▶ REQUIRED WORK: From the line containing "7814 SW 97th" to the last line of the listing, transcribe exactly and add nothing else; keep both ends and omit pictures.

+++ ENTRIES SUPPLIED

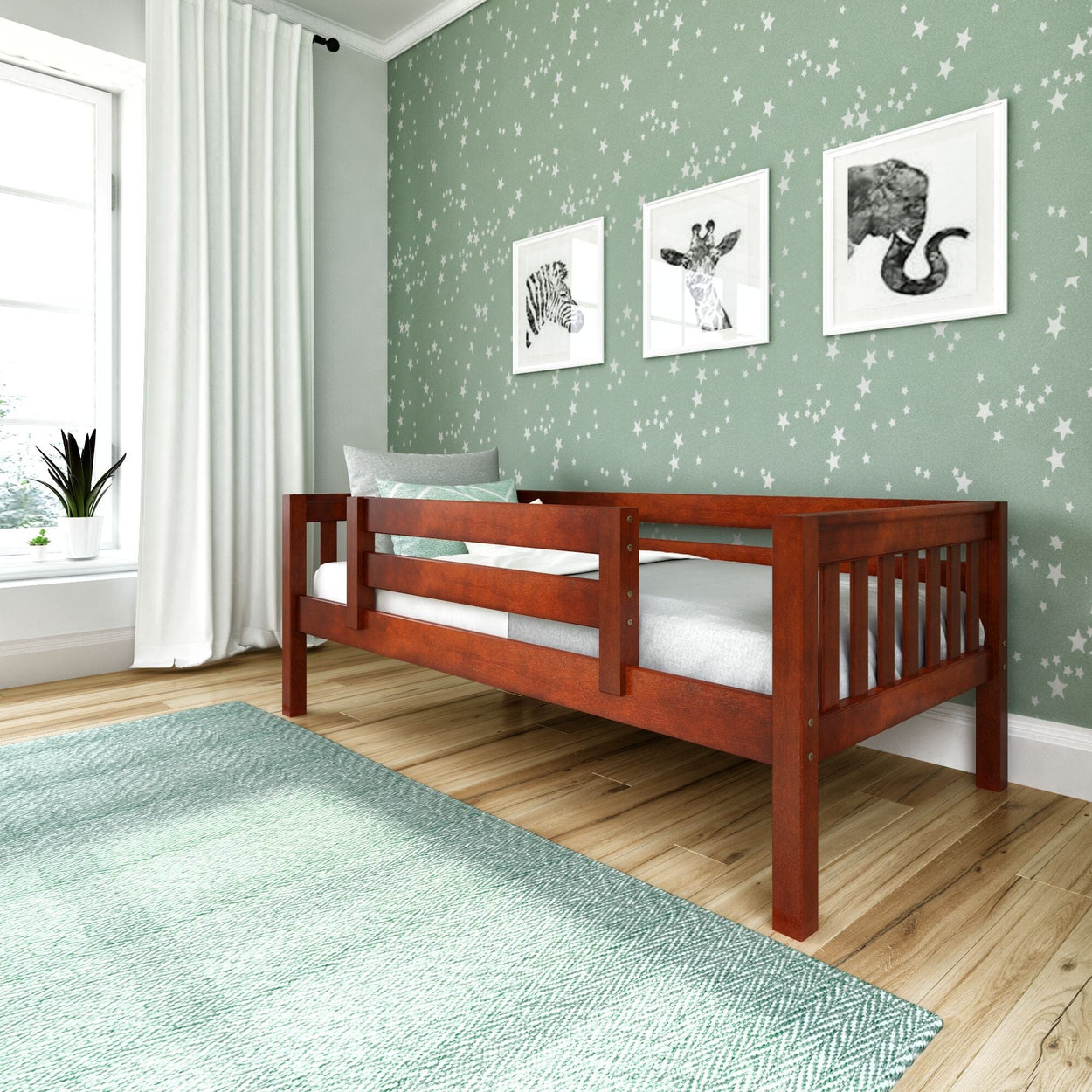 Wooden toddler bed in a nursery with green star-patterned wallpaper and animal prints.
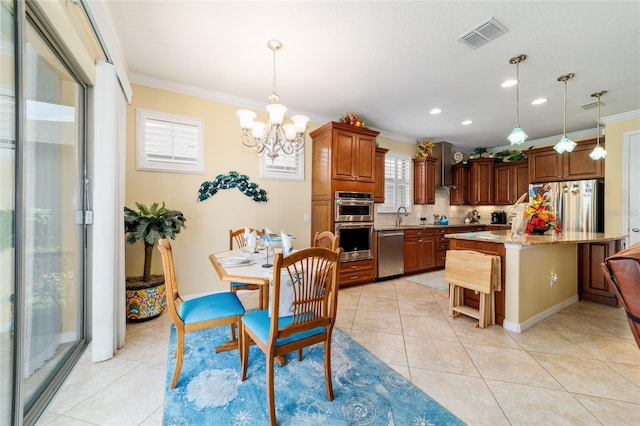 7814 SW 97th Cir, Ocala, FL 34481 - kitchen with appliances with stainless steel finishes, ornamental molding, backsplash, a chandelier, and a kitchen bar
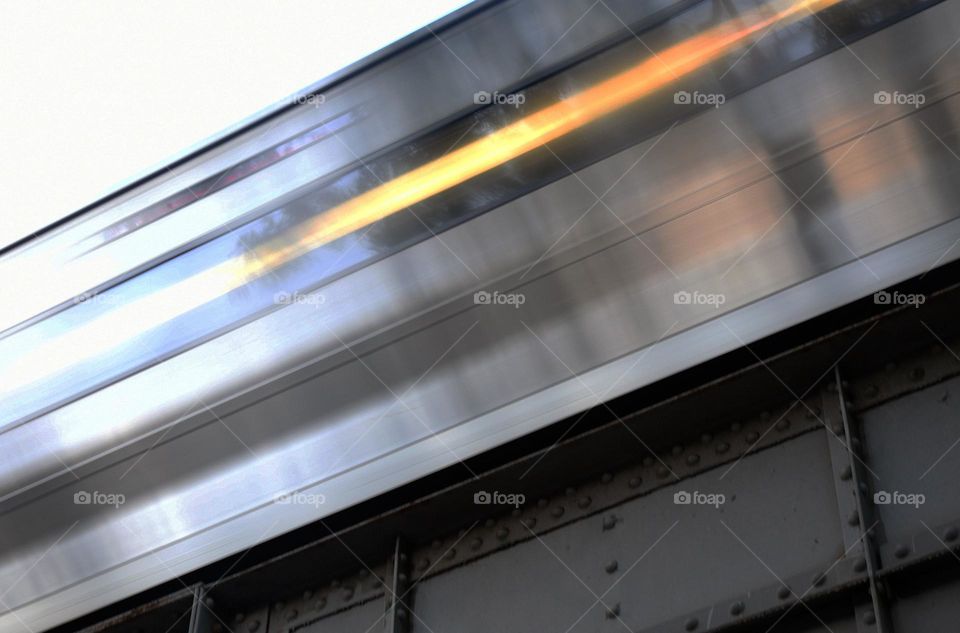 A commuter train passes through a train station at the height of rush hour on an elevated track.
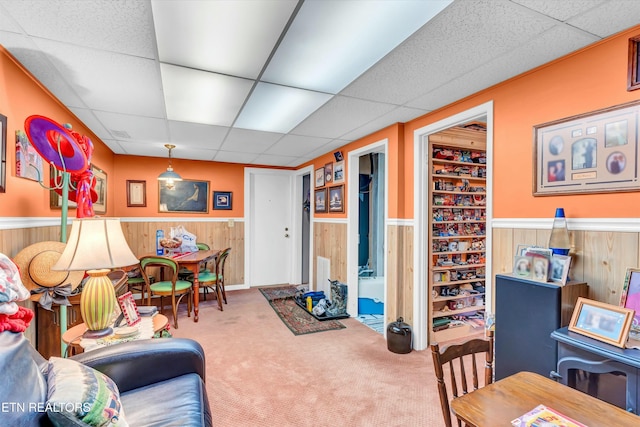playroom featuring wood walls, carpet, wainscoting, and a drop ceiling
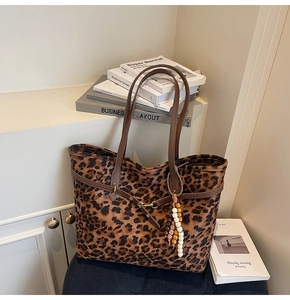 Detail of leopard print suede tote bag with brown straps and colorful beaded pendants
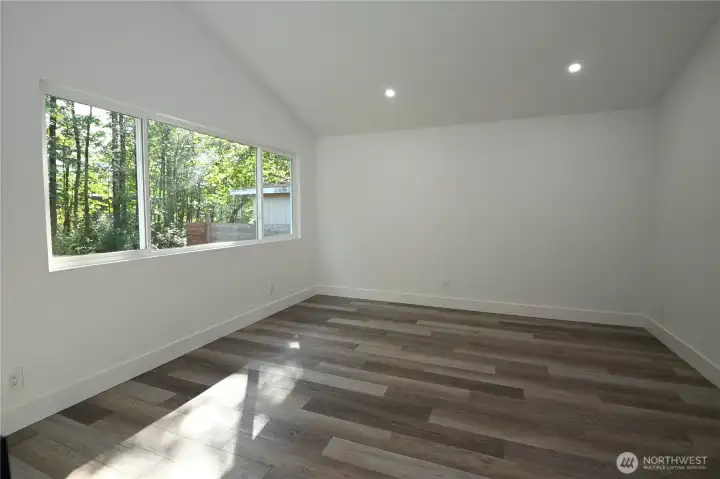 Bdrm #3 ~ Bright & cheerful primary suite with a large window framing the backyard and river.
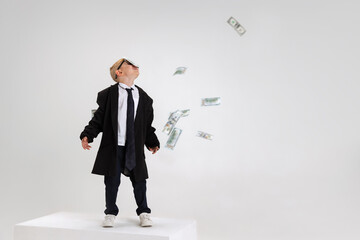 Portrait of emotional little boy, child businessman in huge jacket suit standing on big box isolated on white studio background.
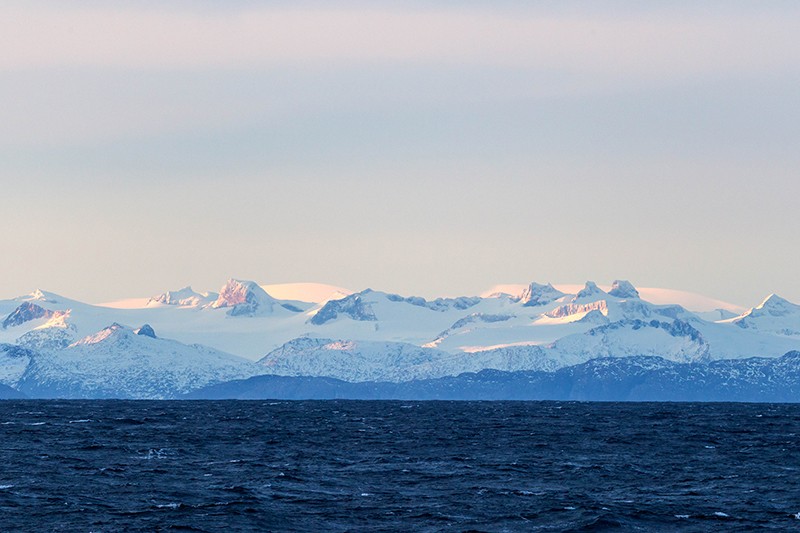 The white and blue landscape of the snowy Patagonian mountains by the ocean.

++++++

▶ EXPECTED ANSWER:
 7814 SW 97th Cir, Ocala, FL 34481 - kitchen with appliances with stainless steel finishes, ornamental molding, backsplash, a chandelier, and a kitchen bar
 A commuter train passes through a train station at the height of rush hour on an elevated track.
playroom featuring wood walls, carpet, wainscoting, and a drop ceiling
 Detail of leopard print suede tote bag with brown straps and colorful beaded pendants
 Bdrm #3 ~ Bright & cheerful primary suite with a large window framing the backyard and river.
 Portrait of emotional little boy, child businessman in huge jacket suit standing on big box isolated on white studio background.
 The white and blue landscape of the snowy Patagonian mountains by the ocean.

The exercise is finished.